Cowans was elected MP for Newcastle-upon-Tyne Central at a 1976 by-election. After boundary changes, he was elected for Tyne Bridge in the 1983 general election.

== Candidates ==
Six candidates were nominated. The list below is set out in descending order of the number of votes received at the by-election.
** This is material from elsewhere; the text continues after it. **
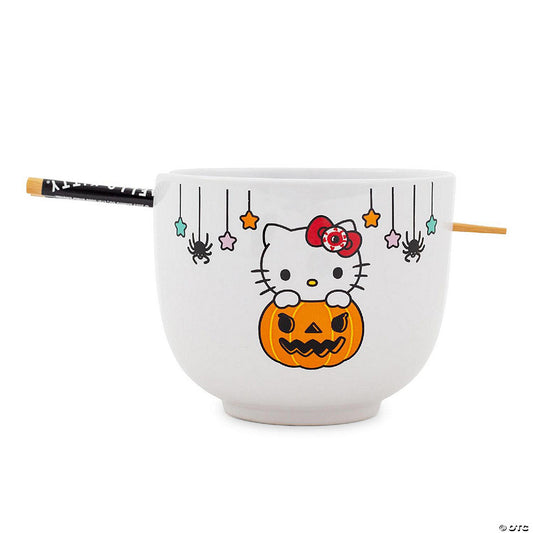 Sanrio Hello Kitty Pumpkin Boo 20-Ounce Ceramic Ramen Bowl and Chopstick Set | USA Decoration®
1. Representing the Labour Party was David Gordon Clelland (born 27 June 1943), who was 42 years old at the time of the by-election. He was a member of the Engineering Union, who had worked on the shop floor for 22 years before being made redundant. He was secretary of a local government association and was leader of Gateshead Council at the time of the by-election. Clelland was the Member of Parliament for Tyne Bridge until 2010.
2. The Social Democratic Party (SDP) candidate, representing the SDP-Liberal Alliance, was Rod Kenyon. He was a Personnel Manager for Northern Gas and was aged 40 at the time of the by-election. He had contested the seat of Houghton and Washington in the 1983 general election.
3. The Conservative candidate was Mrs. Jacqueline Anne "Jacqui" Lait (born on 16 December 1947), a then 37-year-old with a Westminster and European Parliamentary Consultancy. Since 1985 Mrs. Lait has served in the House of Commons, first representing Hastings and Rye from 1992 until she was defeated in the 1997 general election. She was then returned, at a by-election later in 1997, as MP for Beckenham, which she represented until 2010.
4. John Connell was an Independent, using the ballot paper label "Peace Candidate".
5. George Weiss (born 1940) was another Independent candidate, using the ballot paper label "Captain Rainbow Universal Party (Abolish Parliament)".
6. Peter Reid Smith was nominated with the description "New National". During the campaign he admitted that he had forged the signatures of the ten electors needed on his nomination papers; he was subsequently charged with forgery.

== Result ==

1985 by-election: Tyne Bridge
| Party |  | Candidate | Votes | % | ±% |
|---|---|---|---|---|---|
|  | Labour | David Clelland | 13,517 | 57.8 | +1.3 |
|  | SDP | Rod Kenyon | 6,942 | 29.7 | +11.4 ^{a} |
|  | Conservative | Jacqui Lait | 2,588 | 11.1 | −14.1 |
|  | Independent | John Connell | 250 | 1.1 | New |
|  | Independent | George Weiss | 38 | 0.2 | New |
|  | Independent | Peter Smith | 32 | 0.1 | New |
| Majority |  |  | 6,575 | 28.1 | −3.2 |
| Turnout |  |  | 23,367 | 38.1 | −23.4 |
|  | Labour hold |  | Swing |  |  |
| Registered electors |  |  | 61,400 |  |  |

Note:
- ^{a} Change from the Liberal candidate who represented the SDP-Liberal Alliance in the 1983 general election.

==See also==
- Tyne Bridge constituency
- List of United Kingdom by-elections
- United Kingdom by-election records

==Sources==
- Britain Votes/Europe Votes By-Election Supplement 1983-, compiled and edited by F.W.S. Craig (Parliamentary Research Services 1985)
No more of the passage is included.